Aina Mezhidova told Human Rights Watch that she witnessed soldiers looting goods from homes on Brianskaia and Khoperskaia Streets:

I saw soldiers taking things from [the] Albostuv and Khatuev [homes] on Brianskaia Street. On February 6 or 7, they came on Ural96 military trucks and loaded things and left. They sometimes came during the day, like on the seventh of February when they came to Khavazhi Torzaev's house on Khoperskaia Street. They took two televisions, a video recorder, and furniture. The five brothers who lived in their compound were wealthy and their homes were looted.97

V. (name withheld) himself saw soldiers looting openly on February 10 for more than two hours. V. was one of the first of sixteen men to be detained that day (see above) when soldiers returned for document checks. He was detained in a truck that was used to haul away looted items:

The soldiers made me and fifteen other men get into a Ural truck. While we sat there, there were already several carpets in it. We were guarded by soldiers. The soldiers went slowly with us in the truck along the street. If the gates of a house were locked, they broke it open with a pick-axe or kicked it open. They did it openly. Women were walking and relatives of the men went along crying asking the soldiers to release us. It happened around 12 noon. While we went along the street, they detained men as well as stole goods. When I was detained there were three others. There were three Urals, several UAZ [minibuses], and an APC.98 They looted in front of women and old men. In Rasaev's two-story house, they took ten microwave ovens, several carpets, kitchen utensils, dishes. The looting went on for two hours.99

Raisa Soltakhanov also witnessed the looting on February 10. She stated that the soldiers returned that day and "went through houses on Matasha-Mazaeva Street, taking whatever they liked. I saw soldiers removing things and loading them onto a truck."100

Yusup Musaev told Human Rights Watch that on the afternoon of February 8, soldiers returned and looted goods from his home at 116 Voronezhskaia Street. He told Human Rights Watch:

They looted everything, I saw it with my own eyes. That was after lunch, before sunset. They took the TV, my tape player, and my wife's kitchen appliances, vases, anything they liked. They took my brother's things as well.101

90 See Human Rights Watch release, "Looting Underway in Russian-controlled Areas of Chechnya: Russian Soldiers Stripping Homes Bare," November 24, 1999. Pillage is banned by international humanitarian law. Article 4 of Protocol II additional to the 1949 Geneva Conventions, protects, among other things, civilian immunity in internal armed conflicts. Article4(2) forbids pillage.

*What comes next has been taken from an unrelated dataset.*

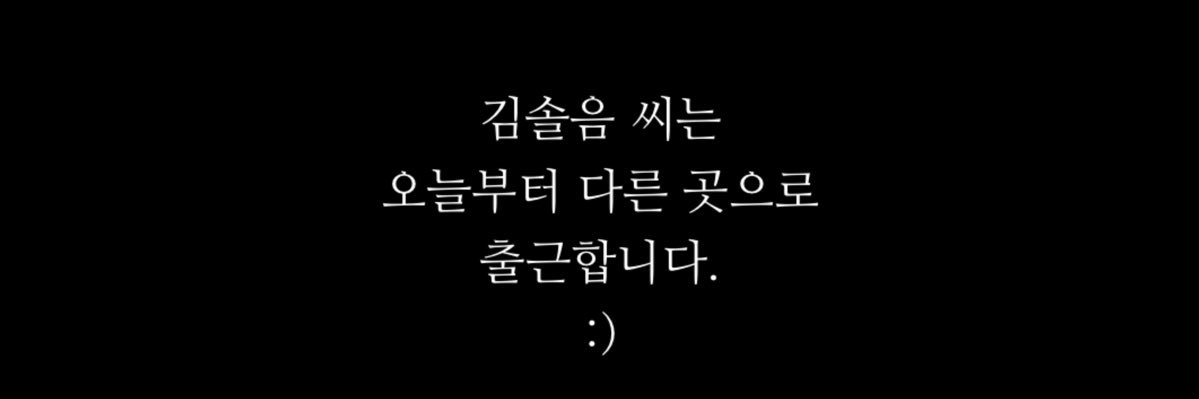 김치만두's banner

91 Human Rights Watch interview, Kantyshevo, Ingushetia, March 23, 2000.

92 Ibid.

93 Human Rights Watch interview, Kantyshevo, Ingushetia, March 17, 2000.

94 Ibid.

95 Human Rights Watch interview, Karabulak, Ingushetia, February 22, 2000.

96 Ural, a large truck commonly used by the Russian military.

97 Human Rights Watch interview, Sleptsovsk, Ingushetia, March 18, 2000.

98 UAZ, a small minibus, used by the military and police.

99 Human Rights Watch interview, Karabulak, Ingushetia, March 27, 2000.

100 Human Rights Watch interview, Nazran, Ingushetia, March 17, 2000.

101 Human Rights Watch interview, Nazran, Ingushetia, May 12, 2000.